题意
给定一棵 $n$ 个节点的树, 每条边有边权 $w$ .
$m$ 组询问 $(x, y)$ : 求 $path(x, y)$ 上的所有边权中, 是否能够找出三条, 组成三角形.
$n \le 100000$ .
分析
不妨设权值的集合为 $\left\{ a_1, a_2, ..., a_k \right\}(a_1 \le a_2 \le ... \le a_k)$ .
如果存在三条, 那么一定 $\exists i \in [1, k-2], a_i + a_{i+1} > a_{i+2}$ .

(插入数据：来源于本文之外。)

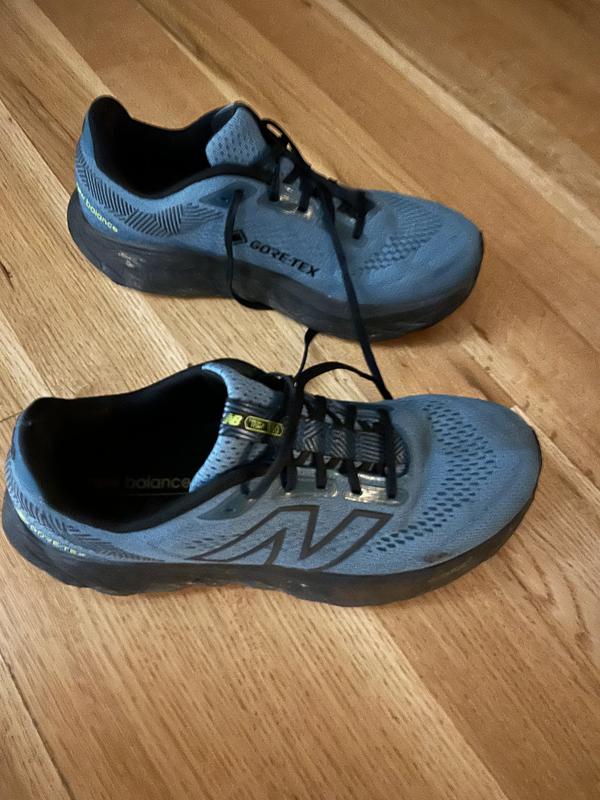 [New Balance] Fresh Foam X 880 V14 GORE-TEX (レディース, D) Women's Fresh Foam X 880v14 GORE-TEX® Shoes - New Balance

也就是说, 暴力判定的复杂度是 $O(k \log k)$ .
我们尝试找到更多性质, 来更好的求解这个问题.
假设组成不了三角形, 那么要求 $a_{i+2} \ge a_i + a_{i+1}$ , 而增长最慢的情况是 $a_{i+2} = a_i + a_{i+1}$ .
但这样已经够快了, 是斐波那契数列.
所以只要超出 50 项左右, 就一定有解.
实现
#include <cstdio>
#include <cstring>
#include <cstdlib>
#include <cctype>
#include <algorithm>
#include <vector>
using namespace std;
#define F(i, a, b) for (register int i = (a); i <= (b); i++)
const int N = 200005;
int n, m;
struct Edge {
int v, d, nx;
inline Edge(int _v = 0, int _d = 0, int _nx = 0): v(_v), d(_d), nx(_nx) {}
}mp[N];
int tot, hd[N];
int par[N], dep[N], w[N];
int s[N], top;
inline int rd(void) {
int f = 1; char c = getchar(); for (; !isdigit(c); c = getchar()) if (c == ‘-‘) f = -1;
int x = 0; for (; isdigit(c); c = getchar()) x = x*10+c-‘0‘; return x*f;
}
inline void Ins(int u, int v, int d) { mp[++tot] = Edge(v, d, hd[u]), hd[u] = tot; }
void Prework(int x) {
for (int k = hd[x]; k > 0; k = mp[k].nx)
if (mp[k].v != par[x]) {
par[mp[k].v] = x, dep[mp[k].v] = dep[x]+1, w[mp[k].v] = mp[k].d;
Prework(mp[k].v);
}
}
int main(void) {
#ifndef ONLINE_JUDGE
freopen("xsy1158.in", "r", stdin);
freopen("xsy1158.out", "w", stdout);
#endif
for (int nT = rd(), t = 1; t <= nT; t++) {
tot = 0, memset(hd, 0, sizeof hd);
n = rd();
F(i, 1, n-1) {
int u = rd(), v = rd(), d = rd();
Ins(u, v, d), Ins(v, u, d);
}
memset(par, 0, sizeof par), memset(dep, 0, sizeof dep), memset(w, 0, sizeof w);
Prework(1);
printf("Case #%d:\n", t);
m = rd();
F(i, 1, m) {
int u = rd(), v = rd();
for (top = 0; top <= 50 && u != v; )
dep[u] > dep[v] ? (s[++top] = w[u], u = par[u]) : (s[++top] = w[v], v = par[v]);
if (top > 50) puts("Yes");
else {
bool done = false;
sort(s+1, s+top+1);
for (int j = 1; j+2 <= top && !done; j++)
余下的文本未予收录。